The case arose out of a lawsuit filed in October 2012 by the National Association of Manufacturers, U.S. Chamber of Commerce and Business Roundtable asking the court to modify or set aside the SEC's conflict minerals rules, which implement Section 1502 of the Dodd-Frank Wall Street Reform and Consumer Protection Act. In July 2013, the federal district court handed the SEC a victory by granting the SEC's motion for summary judgment. In concluding that the plaintiffs' claims lacked merit, the district court found "no problems with the SEC's rulemaking and disagree[d] that the ‘conflict minerals' disclosure scheme transgresses the First Amendment." In addition, the lower court concluded that it should not "substitute its judgment" for the SEC's. (See my email of 7/24/13 and the related Cooley Alert, "SEC's Conflict Minerals Rules Survive Court Challenge.") The plaintiffs appealed that decision and the U.S. Court of Appeals for the District of Columbia Circuit heard argument on the challenge today.
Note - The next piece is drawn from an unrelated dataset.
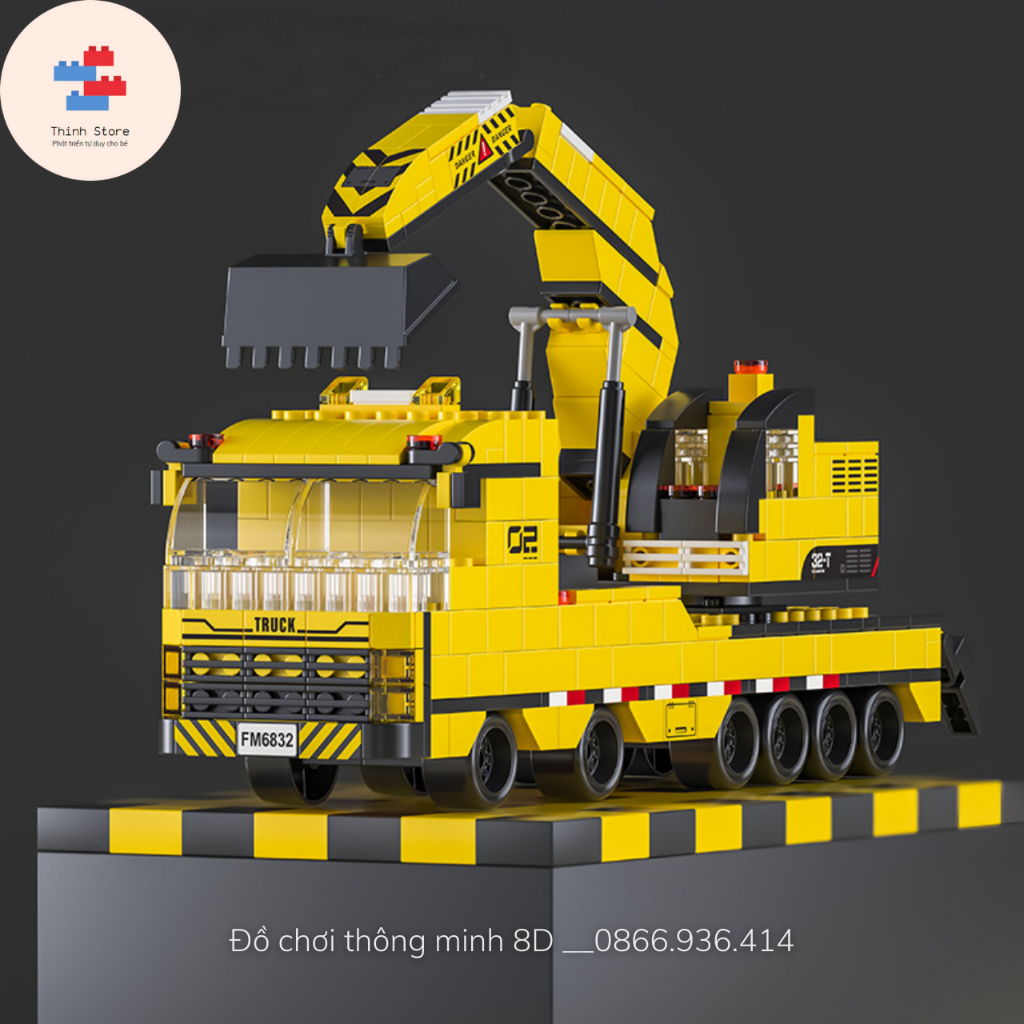 Mô hình lắp ráp xe cần cẩu, xe máy xúc, mô hình xe máy đào - Đồ chơi lắp ráp phát triển tư duy cho bé trai từ 6 tuổi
With regard to timing of the decision, according to Reuters, the judges "did not indicate a timeline for when they may rule." Unless the rule is vacated by the court, compliance is still required and companies have until May 2014 to file their first Forms SD with the SEC. (It's notable that, when a district court threw out the SEC's resource extraction rules, also mandated by Dodd-Frank, the SEC chose not to appeal and instead indicated its intent to rewrite those rules. See my email of 9/3/13.)